Tuesday, June 19, 2012
June 19, 2012
Today, I placed the above photo on a gardening forum asking for help in identifying the plant, and within a few minutes I received a response: Plains Corepsis.
As I had never seen or heard of this plant I did an online search, and this is what I found regarding this plant:
"One of North America's best-loved annuals, Plains Coreopsis is also one of the easiest to grow. Plant spring or fall, and you'll soon see thin thread-like plants with shiny green stems and very small leaves. Once the seedlings are about 12" tall or so, perfectly round, brown-colored buds will appear, and soon you'll have the beautiful sprays of small butter yellow flowers with dark red centers. This species is great for cutting, each stem adding a whole flush of small flowers to any arrangement, but don't cut them all. Plains coreopsis is perhaps the very best native annual for reseeding. Which means even though the plants may die with frost, others will probably sprout in their places next spring. A great species, the official state wildflower of Florida.
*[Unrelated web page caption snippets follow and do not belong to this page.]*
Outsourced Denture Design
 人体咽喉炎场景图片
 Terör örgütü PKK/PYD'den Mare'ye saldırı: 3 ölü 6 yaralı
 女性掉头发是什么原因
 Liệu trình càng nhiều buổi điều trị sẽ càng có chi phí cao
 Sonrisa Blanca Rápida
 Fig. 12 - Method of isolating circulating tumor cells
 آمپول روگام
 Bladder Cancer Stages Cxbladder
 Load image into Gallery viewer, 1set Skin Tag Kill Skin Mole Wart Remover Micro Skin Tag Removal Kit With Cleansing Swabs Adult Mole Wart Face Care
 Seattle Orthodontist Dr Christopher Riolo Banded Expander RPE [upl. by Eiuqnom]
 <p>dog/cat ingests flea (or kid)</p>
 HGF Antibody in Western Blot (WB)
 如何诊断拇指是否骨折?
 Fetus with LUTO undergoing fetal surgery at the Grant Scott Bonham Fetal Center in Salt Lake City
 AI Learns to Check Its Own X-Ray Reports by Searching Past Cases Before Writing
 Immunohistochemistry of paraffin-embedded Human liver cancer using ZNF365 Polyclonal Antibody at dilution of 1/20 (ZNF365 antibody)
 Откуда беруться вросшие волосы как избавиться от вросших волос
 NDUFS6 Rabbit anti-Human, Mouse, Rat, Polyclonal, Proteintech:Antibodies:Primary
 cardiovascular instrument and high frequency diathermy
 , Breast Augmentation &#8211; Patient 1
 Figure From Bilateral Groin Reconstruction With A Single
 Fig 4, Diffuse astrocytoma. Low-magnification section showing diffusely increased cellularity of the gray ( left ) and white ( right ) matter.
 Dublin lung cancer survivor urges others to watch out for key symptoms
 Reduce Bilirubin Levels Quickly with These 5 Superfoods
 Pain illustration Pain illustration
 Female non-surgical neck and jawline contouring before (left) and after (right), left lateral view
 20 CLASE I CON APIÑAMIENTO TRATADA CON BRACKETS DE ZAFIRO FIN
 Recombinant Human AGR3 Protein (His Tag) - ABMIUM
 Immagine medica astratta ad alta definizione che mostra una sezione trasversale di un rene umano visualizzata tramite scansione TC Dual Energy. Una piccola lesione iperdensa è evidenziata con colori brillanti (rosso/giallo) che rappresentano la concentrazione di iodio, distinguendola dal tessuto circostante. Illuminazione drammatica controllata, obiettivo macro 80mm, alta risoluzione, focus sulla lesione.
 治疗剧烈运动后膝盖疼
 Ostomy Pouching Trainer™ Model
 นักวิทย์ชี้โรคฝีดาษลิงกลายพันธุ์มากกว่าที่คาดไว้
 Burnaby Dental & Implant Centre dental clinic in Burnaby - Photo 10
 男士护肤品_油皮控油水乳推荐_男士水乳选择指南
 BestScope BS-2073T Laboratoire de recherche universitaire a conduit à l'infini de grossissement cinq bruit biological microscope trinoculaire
A slender, 1-2 ft. annual with pinnately-compound foliage, tickseed is known for its small but abundant yellow flowers, painted maroon near the center. Numerous smooth, slightly angled branches bearing showy, daisy-like flower heads with yellow rays surrounding a reddish-purple central disk. The yellow petals are notch-tipped. Flower heads occur on long stalks from the multi-branching stems.
This prevailingly western annual has escaped from cultivation in the East. It is widespread in the West and the South in disturbed areas, such as moist ditches. Because of its showiness, the flower is cultivated extensively, hence its common name."